Novak Djokovic’s Kosovo remarks condemned by the French Minister of Sports

Novak Djokovic hushes crowd

In response to Novak Djokovic’s statement that Kosovo was at the “heart of Serbia” in a message he sent after winning the first round of Roland Garros, France’s minister of sport slammed the 22-time Major champion on Wednesday.

Djokovic wrote “Kosovo is the heart of Serbia. Stop the violence” on a camera on Monday at Roland Garros amid clashes between ethnic Albanians and Serbs in the territory.

Kosovo, which is mostly populated by Muslim ethnic Albanians, seceded from the former Yugoslavia in the late 1990s and proclaimed independence in 2008—a decision that has not been recognised by Serbia.

In a message delivered on broadcaster France 2, French Sports Minister Amelie Oudea-Castera labelled Djokovic’s message “not appropriate, clearly”.

“There’s a principle of neutrality for the field of play.

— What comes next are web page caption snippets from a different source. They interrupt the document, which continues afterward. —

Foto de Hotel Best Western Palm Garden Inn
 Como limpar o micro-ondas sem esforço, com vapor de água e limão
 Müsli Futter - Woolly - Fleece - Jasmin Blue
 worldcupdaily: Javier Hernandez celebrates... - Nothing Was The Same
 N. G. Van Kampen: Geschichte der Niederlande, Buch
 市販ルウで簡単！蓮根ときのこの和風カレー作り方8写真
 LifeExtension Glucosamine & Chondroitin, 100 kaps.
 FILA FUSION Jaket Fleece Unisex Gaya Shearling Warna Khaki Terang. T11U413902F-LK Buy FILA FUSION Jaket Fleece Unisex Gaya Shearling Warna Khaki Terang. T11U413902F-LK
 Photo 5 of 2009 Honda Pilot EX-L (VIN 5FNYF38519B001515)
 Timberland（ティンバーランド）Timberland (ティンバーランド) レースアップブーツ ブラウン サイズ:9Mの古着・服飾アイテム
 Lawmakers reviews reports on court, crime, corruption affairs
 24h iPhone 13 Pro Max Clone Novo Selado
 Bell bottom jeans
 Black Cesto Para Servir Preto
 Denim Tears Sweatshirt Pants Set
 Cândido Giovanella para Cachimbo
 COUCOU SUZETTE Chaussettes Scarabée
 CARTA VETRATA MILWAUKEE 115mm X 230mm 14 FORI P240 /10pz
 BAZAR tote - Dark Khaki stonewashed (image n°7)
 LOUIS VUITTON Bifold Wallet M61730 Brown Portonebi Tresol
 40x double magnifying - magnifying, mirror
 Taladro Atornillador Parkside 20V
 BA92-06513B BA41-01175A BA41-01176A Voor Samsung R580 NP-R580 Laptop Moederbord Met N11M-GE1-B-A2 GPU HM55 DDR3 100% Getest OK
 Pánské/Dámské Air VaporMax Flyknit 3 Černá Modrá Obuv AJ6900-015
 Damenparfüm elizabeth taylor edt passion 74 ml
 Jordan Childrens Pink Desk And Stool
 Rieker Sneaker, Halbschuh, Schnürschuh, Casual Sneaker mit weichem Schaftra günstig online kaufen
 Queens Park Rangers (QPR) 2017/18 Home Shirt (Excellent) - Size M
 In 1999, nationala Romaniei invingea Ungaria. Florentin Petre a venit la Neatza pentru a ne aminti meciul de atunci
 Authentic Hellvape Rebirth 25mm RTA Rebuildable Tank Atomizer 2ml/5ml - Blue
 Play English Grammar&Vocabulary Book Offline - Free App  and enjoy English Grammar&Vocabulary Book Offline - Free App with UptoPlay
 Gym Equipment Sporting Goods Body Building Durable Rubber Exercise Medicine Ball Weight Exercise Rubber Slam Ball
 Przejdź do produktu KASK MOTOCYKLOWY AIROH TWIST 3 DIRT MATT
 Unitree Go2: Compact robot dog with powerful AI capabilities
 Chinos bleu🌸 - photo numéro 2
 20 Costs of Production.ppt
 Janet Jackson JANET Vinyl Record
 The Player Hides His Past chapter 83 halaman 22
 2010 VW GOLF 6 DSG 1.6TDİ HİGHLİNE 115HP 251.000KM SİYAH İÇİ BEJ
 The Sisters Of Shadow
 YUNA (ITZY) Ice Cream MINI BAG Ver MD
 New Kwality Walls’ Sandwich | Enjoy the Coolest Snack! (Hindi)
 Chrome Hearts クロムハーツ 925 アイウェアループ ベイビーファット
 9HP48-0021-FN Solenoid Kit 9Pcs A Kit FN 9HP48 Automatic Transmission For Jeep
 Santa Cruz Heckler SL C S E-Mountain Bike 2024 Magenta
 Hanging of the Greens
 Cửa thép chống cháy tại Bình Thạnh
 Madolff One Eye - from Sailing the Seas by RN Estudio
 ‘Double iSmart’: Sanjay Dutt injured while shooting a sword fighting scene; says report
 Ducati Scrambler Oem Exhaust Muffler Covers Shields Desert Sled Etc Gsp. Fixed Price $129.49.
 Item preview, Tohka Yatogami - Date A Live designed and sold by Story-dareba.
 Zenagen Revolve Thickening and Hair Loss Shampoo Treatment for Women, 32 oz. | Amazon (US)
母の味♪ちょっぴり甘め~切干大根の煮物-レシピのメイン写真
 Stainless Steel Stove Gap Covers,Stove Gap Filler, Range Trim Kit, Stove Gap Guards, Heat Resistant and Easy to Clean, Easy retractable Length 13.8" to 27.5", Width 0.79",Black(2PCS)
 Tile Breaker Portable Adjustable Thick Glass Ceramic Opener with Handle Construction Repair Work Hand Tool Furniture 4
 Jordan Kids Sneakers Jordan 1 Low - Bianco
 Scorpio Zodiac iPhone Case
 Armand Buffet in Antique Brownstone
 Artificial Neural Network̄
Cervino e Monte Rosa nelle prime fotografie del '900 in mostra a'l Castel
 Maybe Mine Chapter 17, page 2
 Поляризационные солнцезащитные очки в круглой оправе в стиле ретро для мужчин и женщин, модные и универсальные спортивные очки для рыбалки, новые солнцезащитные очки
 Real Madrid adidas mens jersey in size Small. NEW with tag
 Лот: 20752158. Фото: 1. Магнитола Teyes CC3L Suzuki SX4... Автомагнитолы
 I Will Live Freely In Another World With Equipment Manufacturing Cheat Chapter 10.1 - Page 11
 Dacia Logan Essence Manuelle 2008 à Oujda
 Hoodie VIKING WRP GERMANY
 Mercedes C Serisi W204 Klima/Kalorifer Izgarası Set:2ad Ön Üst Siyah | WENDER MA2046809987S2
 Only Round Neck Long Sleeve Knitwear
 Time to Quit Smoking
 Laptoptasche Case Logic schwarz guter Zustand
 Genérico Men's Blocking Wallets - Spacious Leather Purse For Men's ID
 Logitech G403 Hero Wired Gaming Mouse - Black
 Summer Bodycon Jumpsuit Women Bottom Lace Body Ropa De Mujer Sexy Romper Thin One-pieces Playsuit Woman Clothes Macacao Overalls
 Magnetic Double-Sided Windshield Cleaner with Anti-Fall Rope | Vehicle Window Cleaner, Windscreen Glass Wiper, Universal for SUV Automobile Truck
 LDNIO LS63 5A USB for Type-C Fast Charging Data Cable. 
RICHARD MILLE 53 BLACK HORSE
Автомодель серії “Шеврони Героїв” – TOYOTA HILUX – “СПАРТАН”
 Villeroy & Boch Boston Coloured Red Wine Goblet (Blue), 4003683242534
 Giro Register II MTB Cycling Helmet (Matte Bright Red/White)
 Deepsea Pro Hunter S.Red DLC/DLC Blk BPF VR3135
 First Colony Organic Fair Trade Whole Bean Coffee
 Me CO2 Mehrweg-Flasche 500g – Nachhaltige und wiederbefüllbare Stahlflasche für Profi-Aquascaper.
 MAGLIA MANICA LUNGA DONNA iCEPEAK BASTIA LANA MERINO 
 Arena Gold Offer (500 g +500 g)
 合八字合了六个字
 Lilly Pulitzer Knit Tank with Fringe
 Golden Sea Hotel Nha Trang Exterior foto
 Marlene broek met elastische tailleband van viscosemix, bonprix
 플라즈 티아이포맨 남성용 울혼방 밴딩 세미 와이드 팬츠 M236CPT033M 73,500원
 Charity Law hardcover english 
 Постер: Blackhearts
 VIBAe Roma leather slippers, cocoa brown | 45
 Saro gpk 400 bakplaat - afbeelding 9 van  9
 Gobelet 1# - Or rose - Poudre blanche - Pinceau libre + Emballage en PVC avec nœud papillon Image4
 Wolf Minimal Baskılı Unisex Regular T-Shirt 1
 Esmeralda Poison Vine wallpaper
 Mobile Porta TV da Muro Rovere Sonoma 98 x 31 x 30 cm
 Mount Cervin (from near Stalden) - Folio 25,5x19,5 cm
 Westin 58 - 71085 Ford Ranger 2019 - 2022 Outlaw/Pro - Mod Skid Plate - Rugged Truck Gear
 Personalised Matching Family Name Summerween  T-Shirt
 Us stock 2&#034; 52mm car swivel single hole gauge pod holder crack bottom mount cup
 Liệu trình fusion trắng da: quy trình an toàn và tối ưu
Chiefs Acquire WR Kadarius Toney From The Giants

“When you carry messages about defending human rights, messages that bring people together around universal values, a sportsperson is free to express them.

“But in this case it was a message that is very activist, that is very political. You shouldn’t get involved, especially in the current circumstances, and it shouldn’t happen again,” added Oudea-Castera, who is the former head of the French tennis federation.

The director of Roland Garros, Amelie Mauresmo, had communicated with Djokovic and his group, according to Oudea-Castera.

In clashes with ethnic Serb protesters on Monday during demonstrations against the election of ethnic Albanian mayors in northern Kosovo, thirty troops from a NATO-led peacekeeping force were wounded.

The European Union and other Western nations have urged calm amid reportedly rising tensions.

Djokovic has defended his message from Paris.

“Kosovo is our cradle, our stronghold, centre of the most important things for our country… There are many reasons why I wrote that on the camera,” Djokovic told Serbian media at Roland Garros.

“Of course it hurts me very much as a Serb to see what is happening in Kosovo and the way our people have been practically expelled from the municipal offices, so the least I could do was this,” added Djokovic, whose father was born in Kosovo.

Djokovic is chasing what would be a record-setting 23rd Grand Slam men’s singles title in Paris and will face Marton Fucsovics of Hungary in the second round on Wednesday evening.

The Roland Garros ethics charter forbids any expression of political or religious views. Still, neither organisers nor the French Tennis Federation have announced any intention to take disciplinary action against Djokovic for his statements.